The impact of the Swiss National Bank's sudden decision to stop defending the floor on EUR/CHF has sunk a major UK forex company.
Forex broker Alpari UK has announced that it has gone bust:
"The recent move on the Swiss franc caused by the Swiss National Bank’s unexpected policy reversal of capping the Swiss franc against the euro has resulted in exceptional volatility and extreme lack of liquidity. This has resulted in the majority of clients sustaining losses which has exceeded their account equity.
"Where a client cannot cover this loss, it is passed on to us. This has forced Alpari (UK) Limited to confirm today, 16/01/15, that it has entered into insolvency. Retail client funds continue to be segregated in accordance with FCA rules."
It must be stressed that Alpari UK is a seperate legal entity to the global operations of a global firm. All other units continue to trade as usual.
Ahead of the official announcement it was clear trouble was brewing at Alpari when chief market analyst James Hughes said:
"I'm sure this isn't the last we'll hear on the subject and the SNB are going to be heavily scrutinised in the coming weeks for what appears to be a horribly irresponsible move on their part.
"For years central banks have tried to avoid days like today by being transparent and making moves like this over time while drip feeding their intentions to the markets.
"The SNB have shown themselves to be amateurs today and there is many people that will suffer considerably as a result."
FXCM Bailed Out by Jefferies
The largets forex broker in the US, FXCM, almost become the largest victim of the SNB shenanigans.
Shares of New York-based FXCM had tumbled as much as 92 percent to 98 cents Friday morning before they were halted.
Leucadia National Corp, owner of investment bank Jefferies gave FXCM a $300 million cash infusion after the firm warned on Thursday that client losses due to the Swiss National Bank’s action threatened the broker’s compliance with capital rules.

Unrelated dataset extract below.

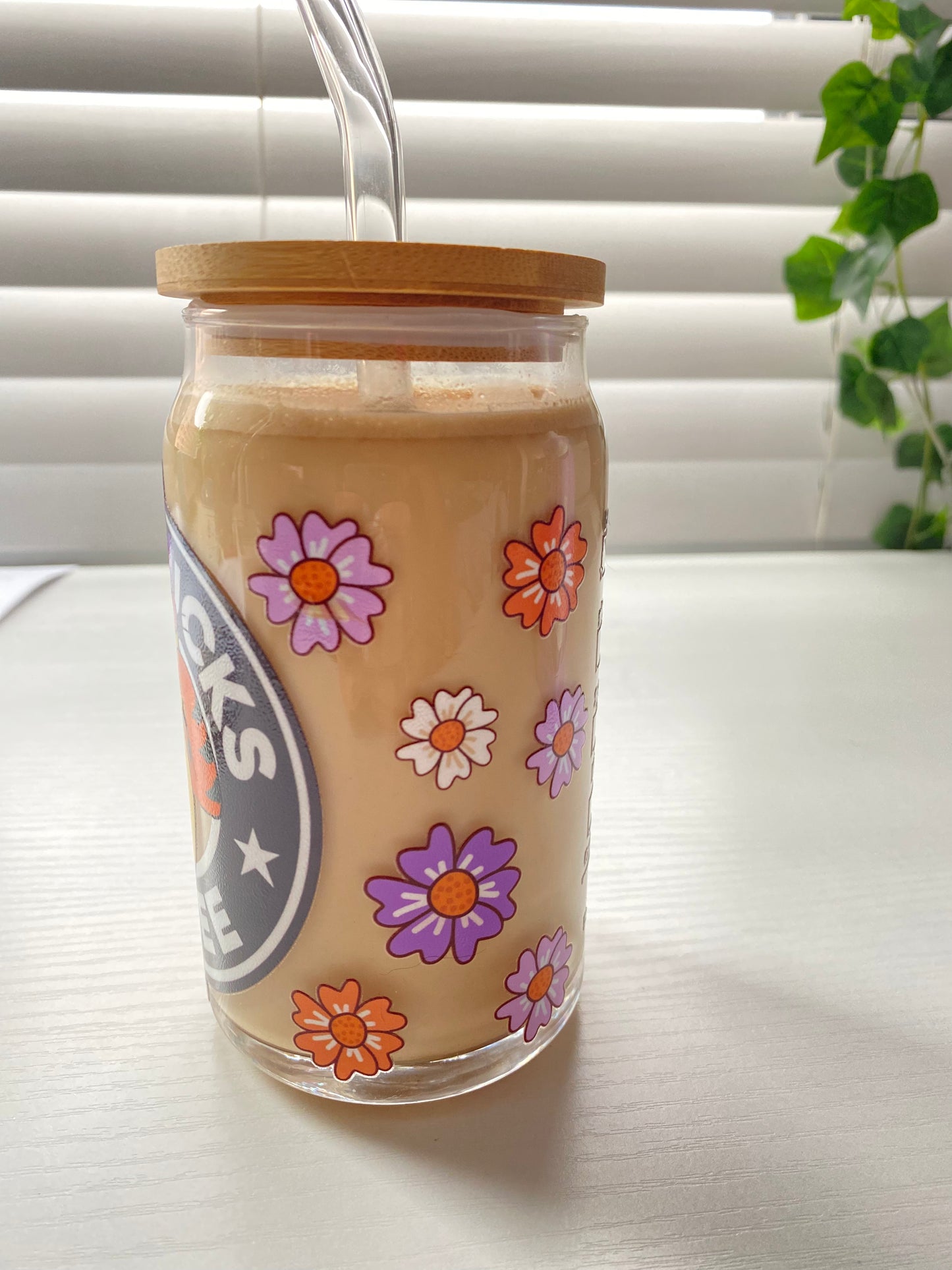 Tigger’s 16 Ounce Glass Can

The company, which handled $1.4 trillion of trades for individuals last quarter, said it was owed $225 million by clients.
NZ Broker Goes Bust
New Zealand brokerage Excel Markets also said earlier that it would not be able to resume business.
The group warned:
The majority of clients in a franc position were on the losing side and sustained losses amounting to far greater than their account equity. When a client cannot cover their losses it is passed on to us.
This morning we are seeing a number of press releases coming through to our desk from other foreign exchange delivery firms and forex brokerages.
CMC Markets, LMAX, IG: We Are Strong
Peter Cruddas, Chief Executive, CMC Markets said:
“Yesterday's unprecedented move by the Swiss National Bank created a large amount of volatility in the Swiss Franc and Foreign Exchange markets.
"Like many of our competitors, CMC Markets sustained some losses, however, the overall impact including possible bad debts has not materially impacted the Group.
"The Group’s balance sheet post these events remains strong, with a regulatory capital ratio of 24% (300% pre CRD IV) and own funds in excess of £130m. All retail client funds are fully segregated and protected.
"CMC Markets continues to have a strong balance sheet and business model; the Group remains on course to exceed last year’s financial performance.
"It’s business as usual.”
LMAX Exchange, the world's only regulated MTF for FX, today reported business as usual following the extreme market volatility caused by the discontinuation of the CHF peg by the SNB with the only changes being temporary increased margins of 10% on EURCHF and USDCHF and 5% on other CHF crosses.
CEO David Mercer commented that:
"Thursday was a difficult day for the FX marketplace and our clients following the unprecedented volatility in the Swiss Franc. Our strict risk controls and robust technology ensured that LMAX Exchange suffered no significant financial repercussions.
"We expect business as usual for our clients on Friday with no change to our international operation in London, Hong Kong and Tokyo. The benefits of exchange style execution and limit order book transparency were clear to see after the general market dislocation created by the SNB announcement."
IG Group, owner of the world's largest spread bet provider, IG, took a £30M hit:
"The precise level of the impact will be partially dependent on the Company’s ability to recover client debts, but in total it will not exceed £30 million, from market and credit exposure.
"The market exposure occurred where client positions were closed at a more beneficial level than the Company was able to close its entire corresponding hedge due to the market dislocation.
"This occurs against the backdrop of very strong recent and current performance and IG’s extremely robust financial position."